Gemeinsame Pressemitteilung der AG „Trostfrauen“ des Korea Verbandes und des Vereins Eziden Weltweit e. V.„Geteilte Zeit an versetztem Ort“
Beide Vereine organisieren ein in dieser Form erst- und einmaliges Treffen von Zeitzeuginnen.Eine ehemalige „Trostfrau“ aus Südkorea und eine ehemalige Sexsklavin des IS treffen in Berlin aufeinander, um der Welt zu zeigen, welche schrecklichen Folgen die sexuelle Gewalt gegen Frauen in militärischen Auseinandersetzungen für die Betroffenen hat. Der Verlust der körperlichen Selbstkontrolle, der Verlust der körperlichen Unversehrtheit, das hilflose Ausgeliefertsein einer Macht gegenüber, die in der Lage ist, jederzeit und ungefragt auf Körper, Geist und Seele der Betroffenen einzuwirken, bis hin zur willkürlichen und ungestraften Tötung, die Gefühle der unendlichen Erniedrigung und die Folgeerscheinungen für Psyche und Gesundheit, all das soll zur Sprache kommen. Frau Gil Won-ok (geb. 1926) aus Korea blickt auf ein langes, bewegtes Leben zurück, während Frau Marwa al-Aliko am Beginn desselben steht.
Ende der 1930er Jahre des 20. Jahrhunderts: Die japanische kaiserliche Armee zwingt in den von ihnen besetzten Gebieten und Kolonien um den Pazifik schätzungsweise 200.000 Frauen und Mädchen zur Hebung der Disziplin, Moral und Kampfkraft ihrer Streitkräfte zur Prostitution. Euphemistisch wurden sie als „Trostfrauen“ bezeichnet. Oft über mehrere Jahre hinweg wurden die Mädchen und Frauen in Gefangenschaft gehalten, missbraucht, gefoltert und oft getötet.

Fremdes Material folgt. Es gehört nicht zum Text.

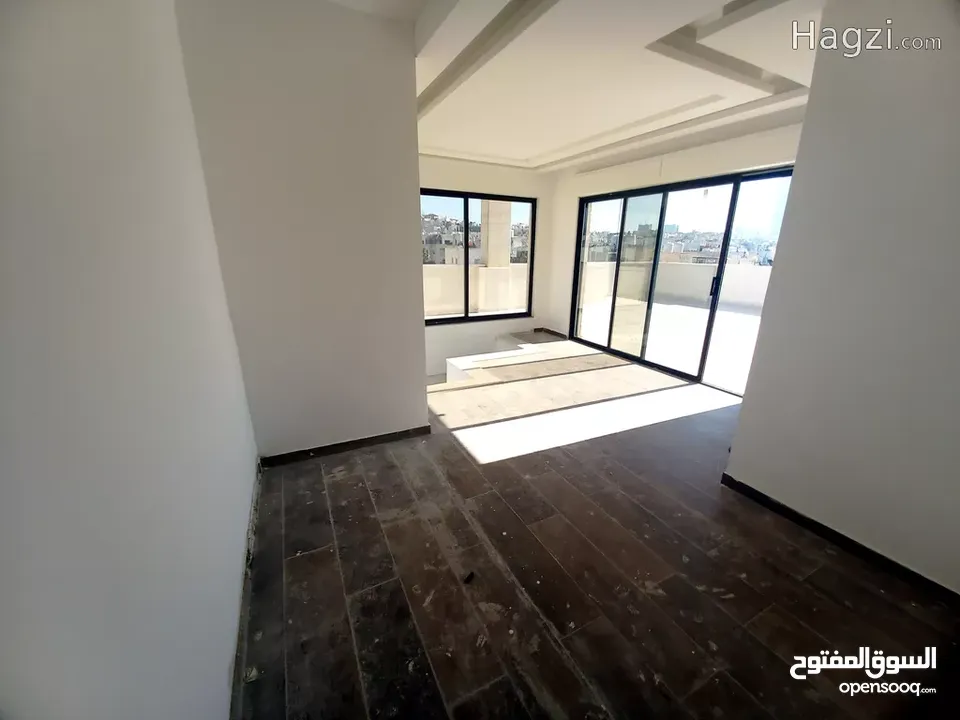 شقة غير مفروشه للبيع في أم اذينه  ( Property ID : 30714 )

3. August 2014: Die Terrormiliz „Islamischer Staat“ überfällt das schutzlose Siedlungsgebiet der Eziden im Nordosten des Irak. Was folgt, ist der erste Völkermord des 21. Jahrhunderts, beispiellos in seiner Grausamkeit und Gnadenlosigkeit gegenüber den Opfern.

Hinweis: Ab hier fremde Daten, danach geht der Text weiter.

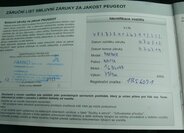 Peugeot Partner MPV 1,6 l 73 kw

Die Terroristen ermordeten die Männer und älteren Frauen, verschleppten die männlichen Kinder und Jugendlichen, um sie zwangsislamisieren zu können, und nahmen die jungen Frauen und Mädchen gefangen, um sie als Sexsklavinnen an ihre Söldner zu verteilen oder auf eigens dazu eingerichteten Sklavenmärkten an Käufer aus der gesamten islamischen Welt zu verkaufen.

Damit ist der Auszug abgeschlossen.